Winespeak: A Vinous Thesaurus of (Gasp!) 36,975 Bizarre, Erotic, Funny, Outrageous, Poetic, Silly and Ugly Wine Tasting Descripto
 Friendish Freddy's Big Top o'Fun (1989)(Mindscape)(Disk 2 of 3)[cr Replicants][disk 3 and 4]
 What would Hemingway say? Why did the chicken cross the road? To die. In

Work instruction | Without any alteration, repeat the entire listing.

Response to the exercise |
Winespeak: A Vinous Thesaurus of (Gasp!) 36,975 Bizarre, Erotic, Funny, Outrageous, Poetic, Silly and Ugly Wine Tasting Descripto
 Friendish Freddy's Big Top o'Fun (1989)(Mindscape)(Disk 2 of 3)[cr Replicants][disk 3 and 4]
 What would Hemingway say? Why did the chicken cross the road? To die. In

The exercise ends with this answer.